◆ Instructions to follow:
Your output should be the lines of the entries below, exactly, from the first one through the line that holds "Teeth whitening and".

====== Information provided

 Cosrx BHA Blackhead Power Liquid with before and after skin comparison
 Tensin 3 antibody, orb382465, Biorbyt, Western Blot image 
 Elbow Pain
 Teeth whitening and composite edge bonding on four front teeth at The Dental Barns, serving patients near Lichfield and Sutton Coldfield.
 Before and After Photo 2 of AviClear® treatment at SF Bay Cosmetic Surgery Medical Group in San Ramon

============

◆ Final answer:
 Cosrx BHA Blackhead Power Liquid with before and after skin comparison
 Tensin 3 antibody, orb382465, Biorbyt, Western Blot image 
 Elbow Pain
 Teeth whitening and composite edge bonding on four front teeth at The Dental Barns, serving patients near Lichfield and Sutton Coldfield.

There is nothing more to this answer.